Celsius Lets Some Users Withdraw Up To 94% Of Their Assets
In other news, Celsius has developed a withdrawal process that will allow users to access some of their locked assets when withdrawals stop in June 2022.
On January 31, the lender published official update about upcoming recall, lists some eligible users who will be able to withdraw almost 94% of eligible custody assets.
Eligible Custody Users will be able to withdraw approximately 94% of Qualified Custody assets at this time. Whether Eligible Users can withdraw the remaining 6% will be decided by the Court at a later date.
— Celsius (@CelsiusNetwork) February 1, 2023
Celsius describes the process in his 1,411-page court filing with the US Bankruptcy Court for the Southern District of New York. In the filing, Celsius lists the full names of all eligible users and the types and amounts of cryptocurrency assets owed.

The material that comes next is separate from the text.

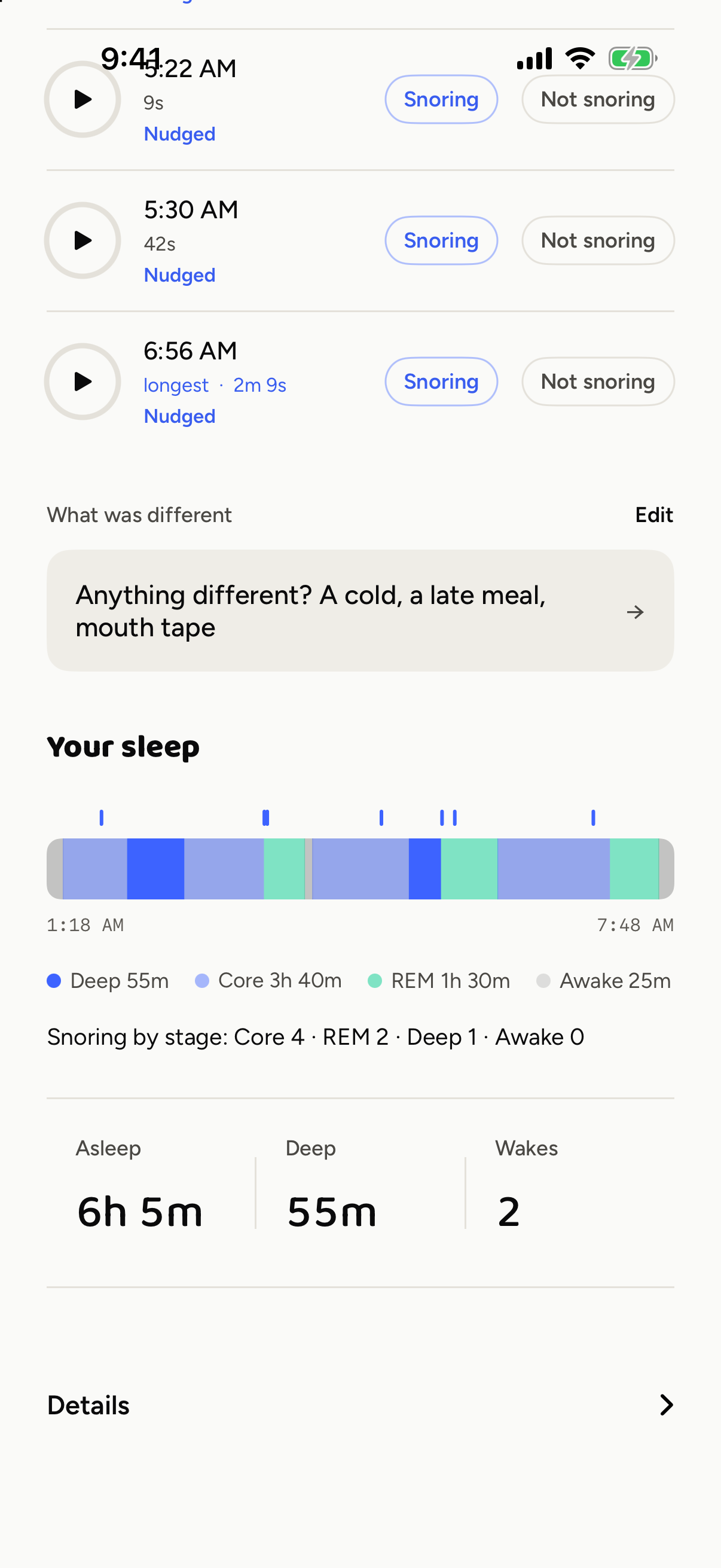 Sleep stage report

The company insists that eligible users must update their Celsius accounts with certain necessary information in order for their withdrawals to be processed. The data required includes customer data regarding Anti-Money Laundering and Know Your Customer (KYC) policies, along with details of the withdrawal address.
Unless and until the eligible user renews his account with the required account updates, such qualified user will not be able to withdraw his distributable custody assets from the debtor’s platform.
Even so, in his filing, Celsius said there was no certainty whether eligible users could access the remaining 6% of assets because the court would determine this matter later. However, eligible users will also receive details regarding gas and transaction fees which facilitate the process of future withdrawals. This means that eligible users with insufficient assets in their account to meet the fee will not be allowed to withdraw those assets.